Blog

Inside the Minds of the Machine

APIs

Setting up an AWS S3 bucket for read-only web access

We recently needed to setup a podcast hosting solution with our own hostname, and we chose to use an AWS S3 bucket. It was much harder than we expected, mostly because the documentation was confusing and scattered.

What we wanted was an S3 bucket that would be available at a specific hostname – lets call it ‘files.xyz.com’ – where a small group of editorial people could upload mp3 files, and for those mp3 files to be publically available via http requests. Amazon has lots of sample policies and examples, but not for this particular case. I was able to string together what we wanted from documentation from several different places, however.

I won’t detail how to setup a basic AWS account with the billing etc, so if you haven’t done so you’ll need to go to their site and do so.

Step 1: Setup an S3 bucket that is named with your complete hostname

Setting up an S3 bucket is easy, but doing so in a way that allows us to use our own custom hostname is not at all obvious and a bit frustrating, though easy to implement. Go to the S3 console and click ‘Create Bucket’.

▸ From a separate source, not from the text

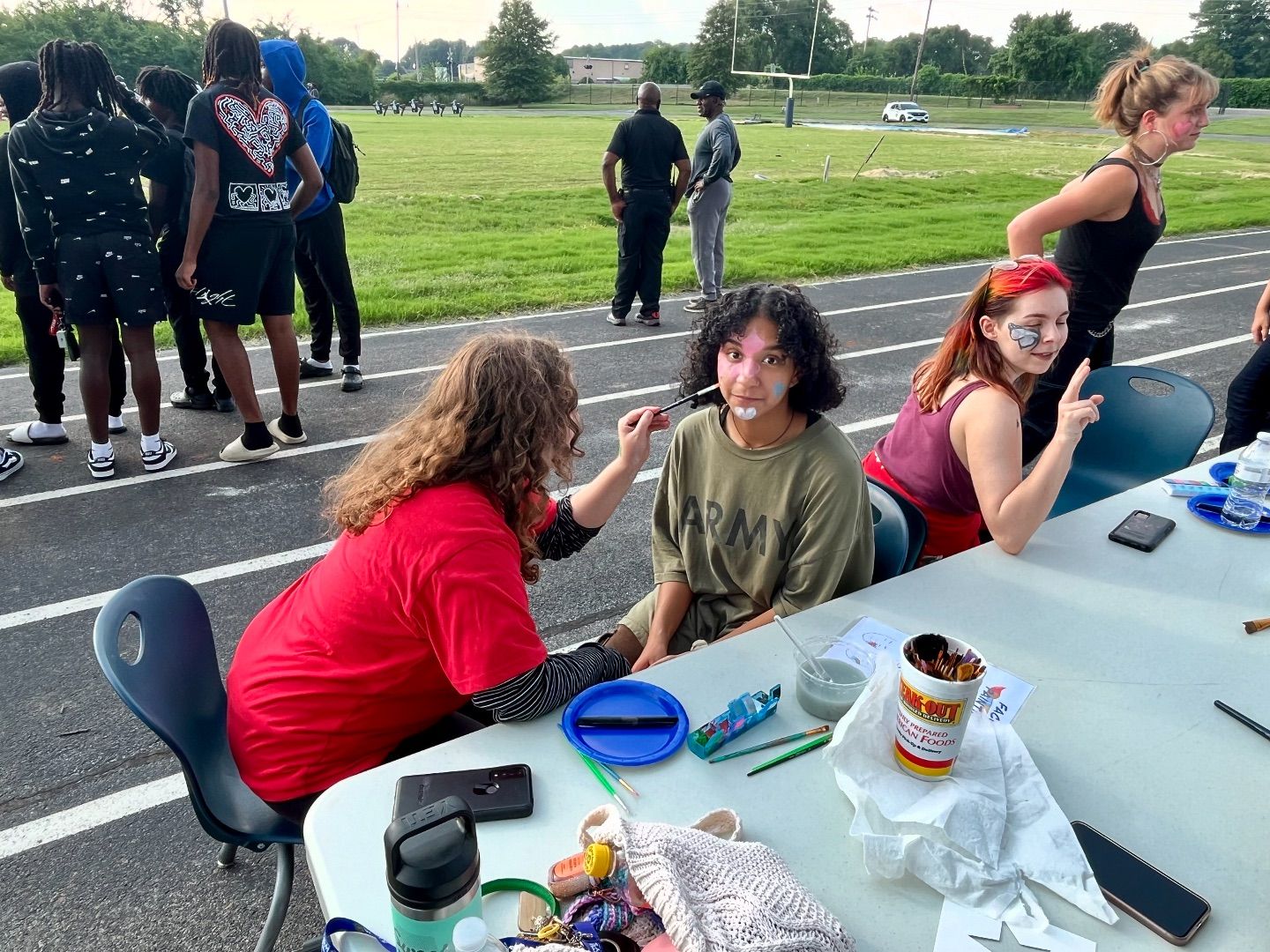 2 JROTC students participating in face painting on the track.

However, if you want to have an S3 bucket that is accessible at ‘files.xyz.com’, when you create your bucket you have to name it ‘files.xyz.com’. This needs to be the exact hostname you’re using. This will NOT by itself make the bucket appear at ‘files.xyz.com’, but it is a required part of the puzzle.

Step 2: Setup your DNS

Amazon encourages you to use their Route53 service for DNS hosting and to setup an ‘A’ record, but it was much easier for us to setup a CNAME record and we already have a DNS solution.

Once you’ve created your bucket (in our case, ‘files.xyz.com’), the URL for that bucket is http://files.xyz.com.s3.amazonaws.com/ which also translates to http://s3.amazonaws.com/files.xyz.com (this assumes that somebody else hasn’t already used the bucket name you selected).

If you use a CNAME record to point ‘files.xyz.com’ to ‘files.xyz.com.s3.amazonaws.com’, their S3 service does a primitive version of ‘name-based virtual hosting’, where it looks at the hostname of the incoming request (‘files.xyz.com’) and assumes that’s the bucket name to use (‘s3.amazonaws.com/files.xyz.com’). Amazon explains the process here.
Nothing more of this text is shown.